UK moves to ease lockdown, London mayor moves to investigate Covid-19 inequalities

Schools and shops are beginning to open their doors here in the UK, amidst concerns that the government is easing lockdown too early. Outdoor markets and car showrooms are allowed to re-open from today, while classrooms are reopening for children in reception, year 1 and year 6.

However, as many as a million children – half of those due to return – are expected to stay home due to safety concerns from both parents and schools. And overnight, the Association of Directors of Public Heath cast doubt on the government’s claims that the UK was meeting the five tests for easing lockdown. “Over the weekend we have seen signs that the public is no longer keeping as strictly to social distancing as it was,” it said in a statement. “A relentless effort to regain and rebuild public confidence and trust following recent events is essential.”

Meanwhile, London mayor Sadiq Khan has announced that Black, Asian and minority ethnic (BAME) people who work for the city’s government will be offered risk assessments in an effort to tackle the health inequalities thrown up by the Covid-19 crisis.

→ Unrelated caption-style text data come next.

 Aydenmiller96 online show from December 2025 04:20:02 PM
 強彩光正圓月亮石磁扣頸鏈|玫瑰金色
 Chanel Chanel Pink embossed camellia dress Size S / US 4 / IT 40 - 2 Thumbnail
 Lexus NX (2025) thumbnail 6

The service – which will be open to staff of the Greater London Authority, Transport for London, the Metropolitan Police and London Fire Brigade, among others – will consider the physical and mental health needs of all vulnerable staff workers.

The disproportionate impact the panedemic has had on ethnic minority communities has been a topic of concern to the mayor for some time. In a column for the Guardian in April, he noted that, despite making up just 14% of the UK population, BAME patients made up a third of critical covid cases. He called on the government to investigate, and asked the  Equality and Human Rights Commission to do the same the following month.

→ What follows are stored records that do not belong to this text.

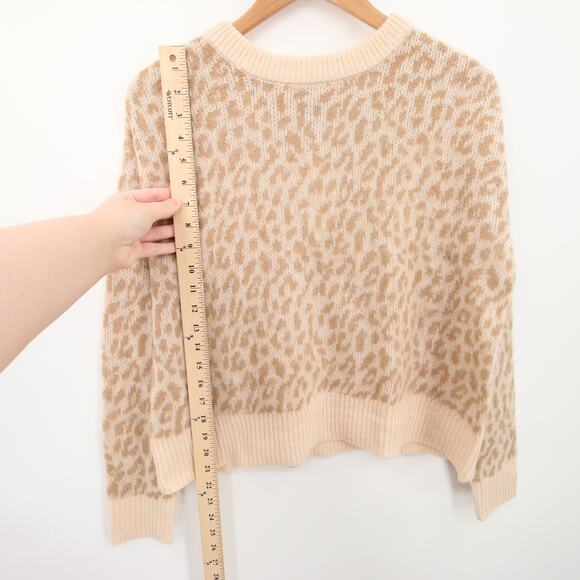 Jessica Simpson Sweater Beige Leopard Print Animal Pattern Pullover Crewneck XS - Picture 4 of 8
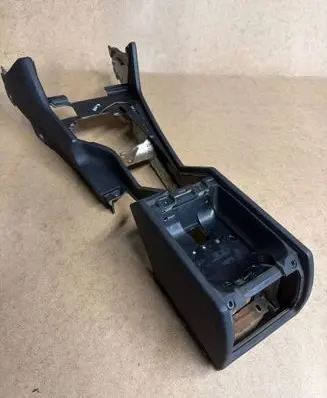 BMW 5 E39 Center console 8159687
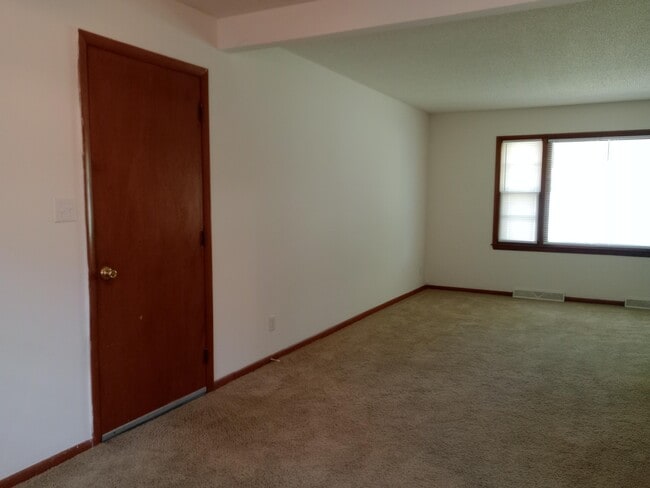 Building Photo - 609 Pennant St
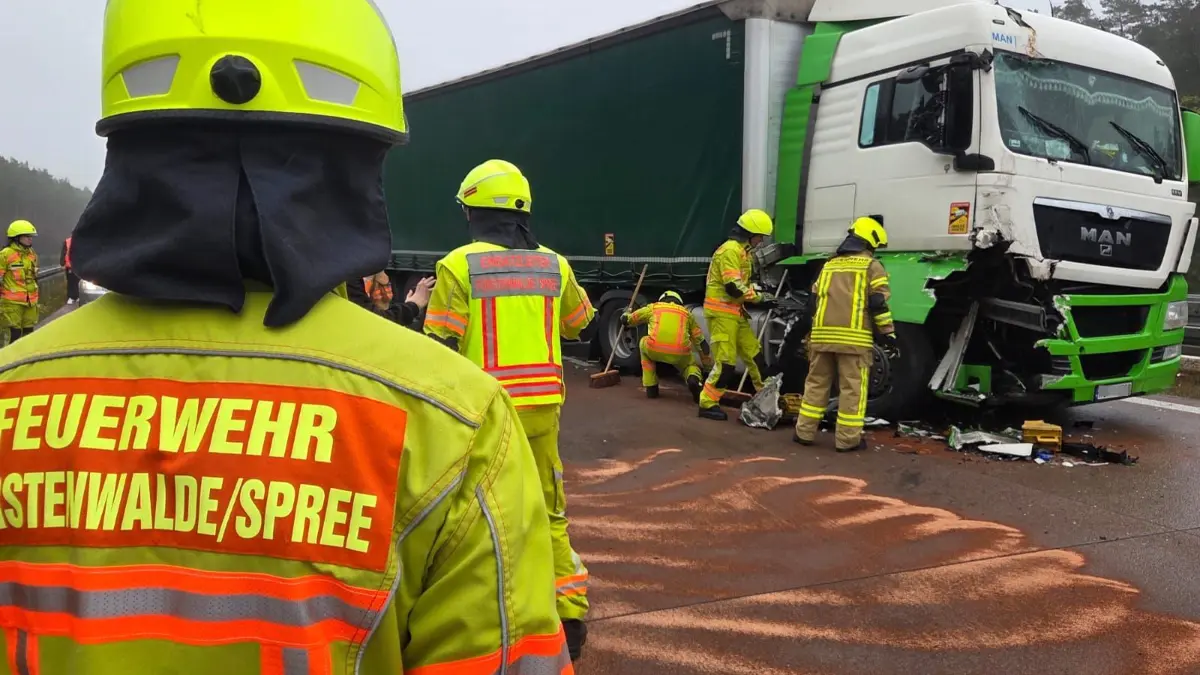 Erheblicher Schaden: Auf der A12 bei Storkow ist es erneut zu einem schweren Unfall gekommen.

Today’s statement from City Hall notes that, according to the Office for National Statistics figures, black men and women are nearly twice as likely to die from coronavirus than white men and women, after taking into account age and socio-demographic factors. And a study by City Hall’s Intelligence Unit shows that London’s highest covd-19 death rate is in the east London borough of Newham, “where 82 per cent of the population are BAME, one in three is in insecure employment and there are high levels of deprivation, obesity and diabetes”.

More from City Hall here.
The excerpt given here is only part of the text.